During the past 12 months we have carried out many inspections of onsite and offsite applied intumescent coatings; most being 60 minutes protection and a small amount of 90 minutes protection.
Of the numerous sites we have inspected, only a small number of sites were offsite applied with the remainder being onsite. The sites in question range from approx. 500 tonnes to more than 2500 tonnes. Our findings have been alarming to say the least. As per ASFP technical guidance document 11, we initially carry out a 10% random selection inspection to confirm the required dry film thickness applied meets the loading schedule requirement for the respective beam or column section size. If, during the inspection we ‘identify a trend of unnacceptable thickness’, again as per ASFP guidelines we carry out a full and detailed survey. In all cases of onsite applied Intumescent we were required to carry out a more detailed inspection; why? In our opinion, the issue lies with contractor “self-certification”.
What is self-certification? The contractor who applied the intumescent product certifies that the fire protection is ‘fit for purpose’. In all the projects we inspected these had already been ‘passed’ by the applying contractor, is it a coincidence that all of the offsite fire protection contractors work we have inspected, significant rework was required? In several instances the applied coating had also been inspected by the intumescent manufacturer and again passed as ‘fit for purpose’ when clearly it was not.

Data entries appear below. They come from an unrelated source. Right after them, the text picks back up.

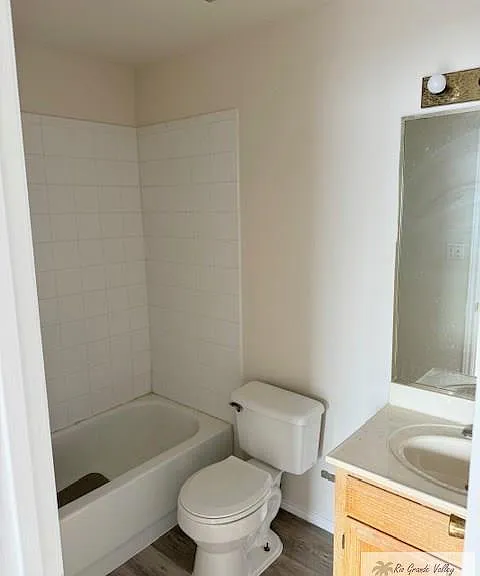 2888 Seville Blvd — Photo 9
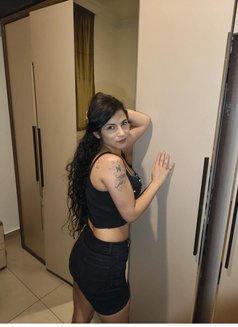 Clara - escort in Beirut Photo 3 of 4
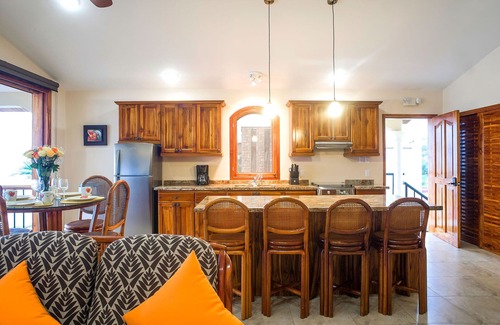 Manglaralto Apartment | Choose Sunset Villa if you expect nothing but the best from your beach vacation!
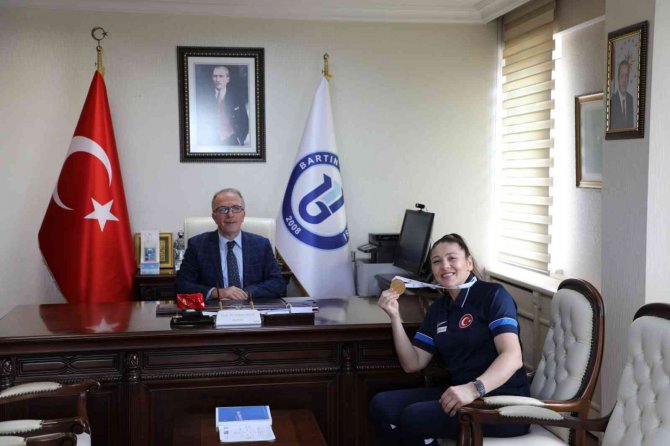 Barü Mezunu Dünya Şampiyonu Şennur Demir, Rektör Uzun’u Ziyaret Etti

The problem here is two-fold; when such a safety critical element is required, the contractor should not be permitted to certify his own work nor the intumescent manufacturer who has an obvious ‘commercial bias’ with the contractor to pass his work thereby guaranteeing his next sale. A cynical view maybe but a professionally calibrated dry film thickness meter does not lie. Inspection records were almost non-existent. Coatings such as these require certain application parameters to be met; again, records detailing climatic conditions at time of coating were, in most cases, not available or generated in the first instance. It is unfortunate that intumescents are visibly identical to normal paint and so it is crucially important that records of the installation are maintained.
Compare this to the offsite applied intumescent sites, where noticeable differences are obvious. In house inspection teams mean coatings were to the required dry film thickness and inspection records were fully available by load and section ID. Each load being traceable to product batches and application dates and times. All cases of offsite applied intumescent passed the 10% inspection with some comments regarding erection or mechanical damage repairs being made. Add to this the benefits of one less line in the construction phase of the project plan and offsite applied intumescent which, historically has been more expensive, suddenly looks very attractive.
Protecting Yourself and your Investment
Whilst our experience of onsite applied coating isn’t a good one, we aren’t saying that all Contractors who apply intumescent fire protection offer a poor service. We have experience of some who cannot compete or even buy the material for some contracts because another contractor has tendered such a low price.
So, the problem isn’t just a contractor issue; Main Contractors have a responsibility to not always accept the lowest price and if there is a price significantly lower than the others; is there a reason? Protecting your asset using the lowest bidder may make financial sense at the time, however, our experience shows that this is often not the case when extensive re-work is required, which inevitably impacts the overall plan.